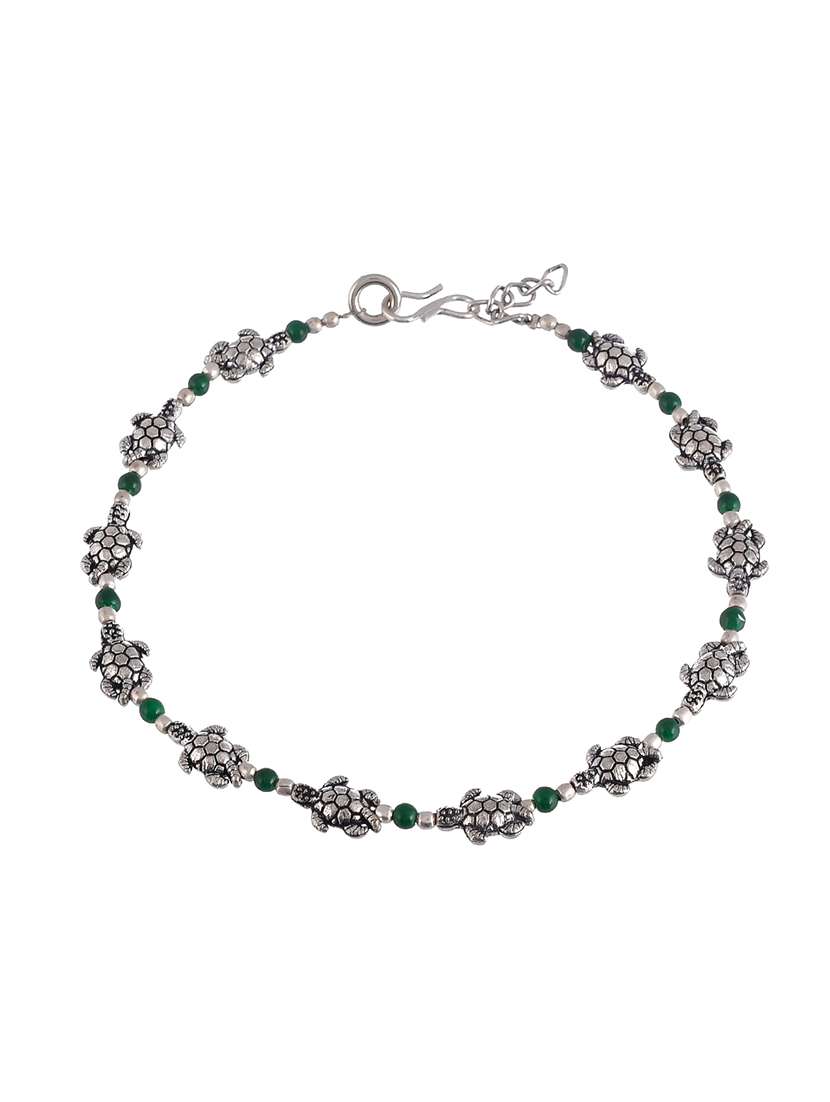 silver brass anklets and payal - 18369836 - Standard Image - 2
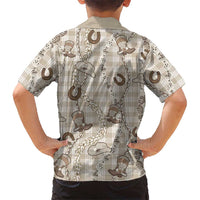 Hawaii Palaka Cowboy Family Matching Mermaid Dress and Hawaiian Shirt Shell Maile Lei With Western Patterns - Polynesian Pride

----------------------------------------

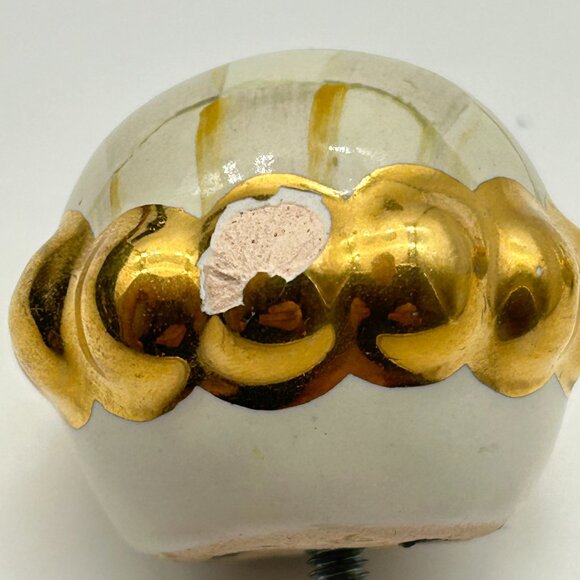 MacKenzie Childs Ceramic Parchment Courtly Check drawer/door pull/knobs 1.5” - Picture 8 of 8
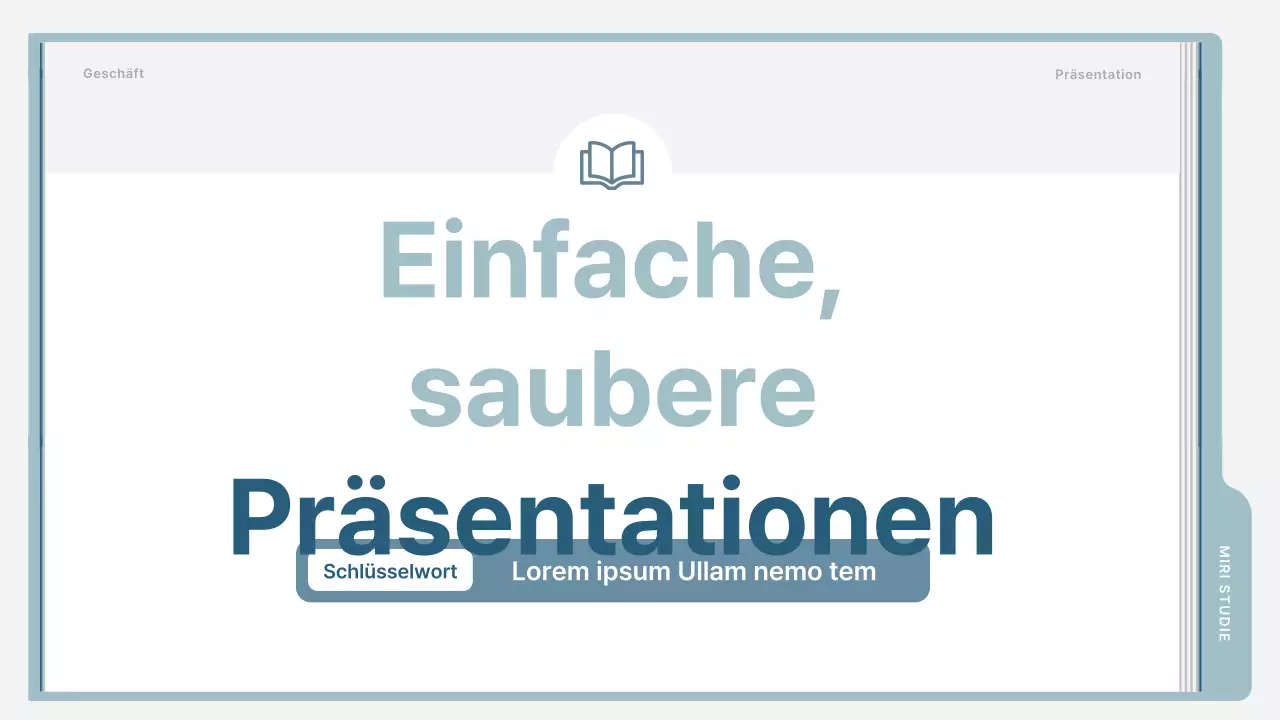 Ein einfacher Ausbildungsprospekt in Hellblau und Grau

----------------------------------------

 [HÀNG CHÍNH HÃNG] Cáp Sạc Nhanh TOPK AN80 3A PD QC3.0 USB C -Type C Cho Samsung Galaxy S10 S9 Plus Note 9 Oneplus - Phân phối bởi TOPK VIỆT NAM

----------------------------------------

Assignment: Your answer must be everything above from the line with "MacKenzie Childs Ceramic" down to the line with "Ein einfacher Ausbildungsprospekt", word for word, and no pictures.

Output of the exercise:
 MacKenzie Childs Ceramic Parchment Courtly Check drawer/door pull/knobs 1.5” - Picture 8 of 8
 Ein einfacher Ausbildungsprospekt in Hellblau und Grau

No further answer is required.